Pourquoi toute cette bureaucratie si elle risque de nuire au progrès économique ? La raison en est liée aux avantages que sont susceptibles d’en retirer des groupes d’intérêt au travers de la « capture » des régulateurs (selon la théorie développée par le prix Nobel d’économie George Stigler), ou aux avantages pour les gouvernants eux-mêmes via de possibles transactions concernant les autorisations et les contrôles. Ces risques sont mieux contrôlés aujourd’hui en Polynésie française grâce à la vigilance de la Chambre territoriale des comptes. Cependant tous les avantages politico-économiques des réglementations excessives ne passent pas au crible de cette institution. Deux exemples récents illustreront la complexité du problème.
En matière d’investissement, le Pays a mis en place des aides via un mécanisme dit de défiscalisation locale, qui peut venir compléter un mécanisme d’aide nationale. La question n’est pas de juger ici du bien-fondé de cette politique, qui vient compenser certains coûts exorbitants liés à l’insularité et l’éloignement et qui facilite indéniablement l’investissement dans des secteurs moteurs comme celui du tourisme. Pour bénéficier de la défiscalisation locale les entreprises doivent procéder à un appel à manifestation d’intérêt (AMI). Un premier tri de ces dossiers est effectué au niveau du ministère de l’économie et des finances, sans que la transparence soit nette sur les critères utilisés. Ensuite, si, comme cela se passe actuellement pour plusieurs projets, les dossiers sont jugés insuffisants, voire incomplets, au lieu de les revoir au fil de l’eau, il faut attendre l’année suivante pour présenter un nouvel AMI. Une entreprise espérant de tels financements voit ainsi ralentir fortement ses projets d’investissements, au détriment évident de l’économie (sauf à avoir démontré au préalable que la défiscalisation constitue un mécanisme d’intervention discutable et inefficace).
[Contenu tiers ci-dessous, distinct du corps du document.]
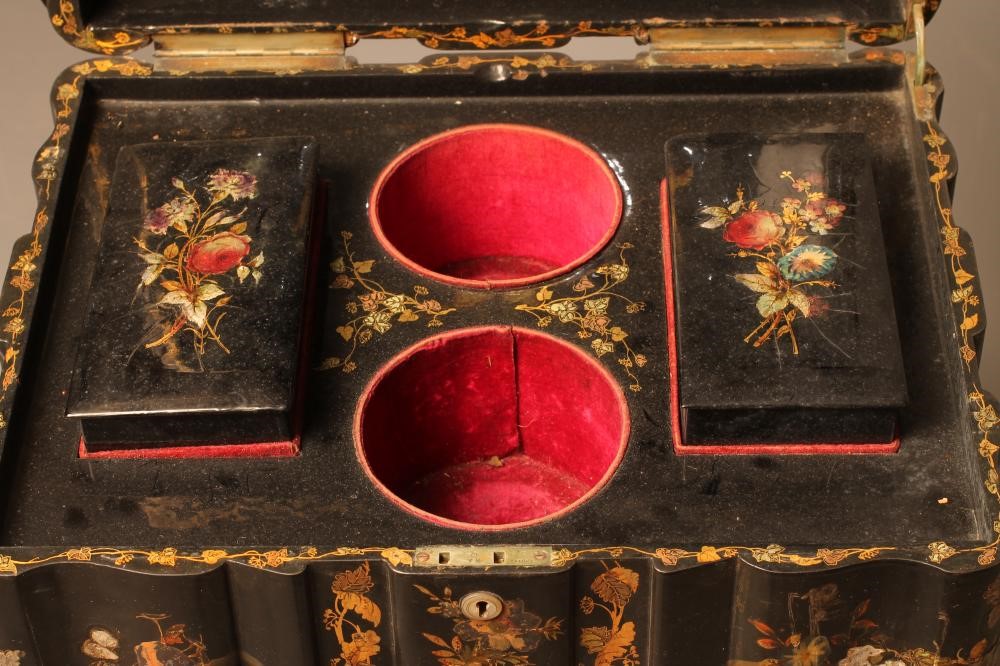 A VICTORIAN PAPIER MACHE TEAPOY of serpentine oblong form gilded with floral sprays and mother of Image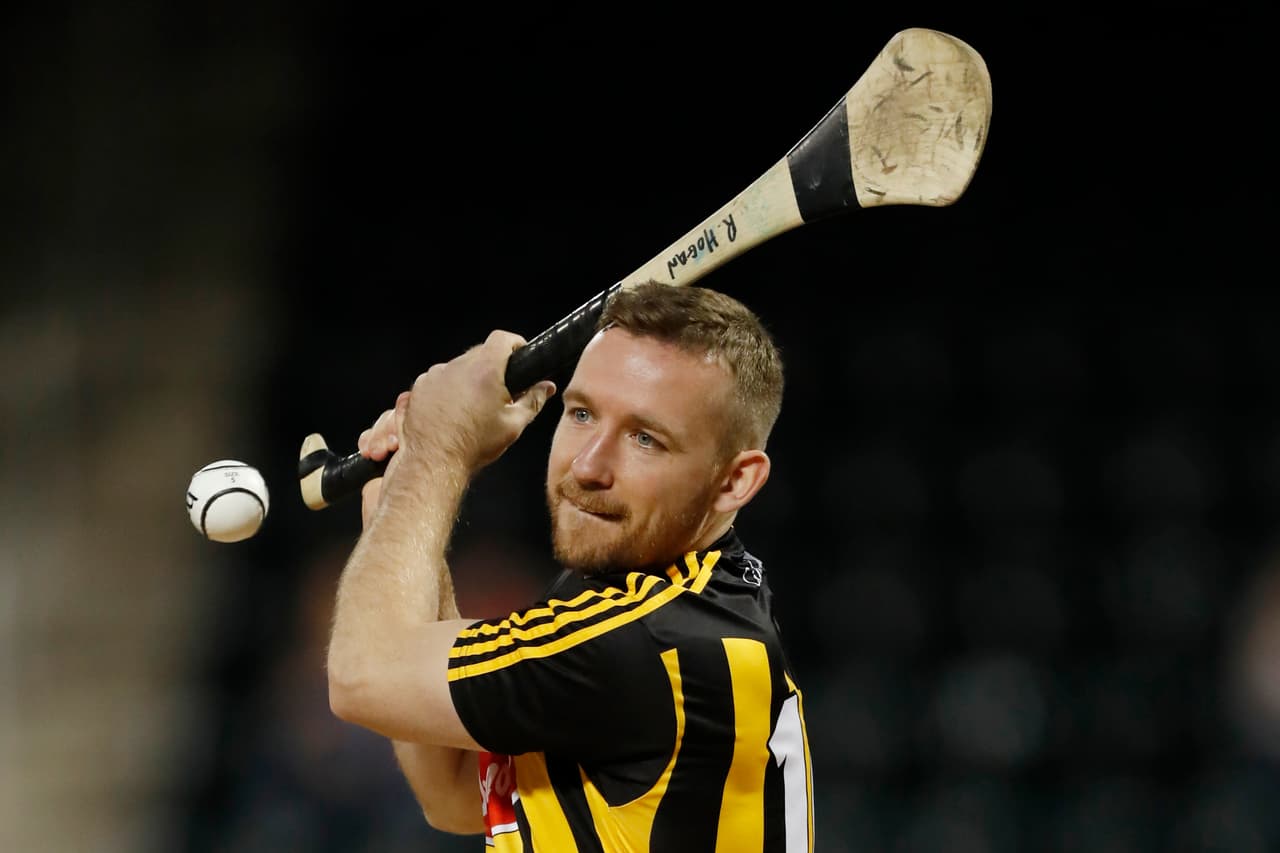 In this Tuesday, Sept. 24, 2019, photo, Kilkenny hurler Richie Hogan "throws" out the ceremonial first pitch before a baseball game between the New York Mets and the Miami Marlins in New York. New York will host the New York Hurling Classic, in which four professional hurling teams from Ireland are scheduled to compete, Nov. 16 at Citi Field. (AP Photo/Kathy Willens)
Le deuxième exemple montre que les réglementations peuvent se révéler excessives même lorsqu’elles sont confiées à une autorité indépendante, comme cela est le cas pour le contrôle des aménagements commerciaux confiés à l’Autorité Polynésienne de la concurrence (APC), dans la crainte d’éventuels risques concurrentiels. Ainsi, le projet de supermarché Champion de 780 m2, autorisé par l’APC en avril 2021, puis stoppé par un arrêt de la cour administrative d’appel de Paris du 13 avril 2023, finalement à nouveau autorisé par l’APC le 8 juin 2023, aura entraîné un délai d’autorisation administrative de plus de deux ans pour une opération, qui une fois vérifiée la conformité du permis de construire et les règles normales d’urbanisme aurait pu nécessiter seulement quelques semaines dans de nombreux pays.
La Polynésie française n’est pas (encore ?) située dans les classements du type « Ease of doing business », mais il est à craindre que sa place n’y soit pas des meilleures. Il ne s’agit pas d’un problème pour les seuls entrepreneurs, car de façon ultime ce sont des emplois et des revenus pour les plus démunis dont il est question.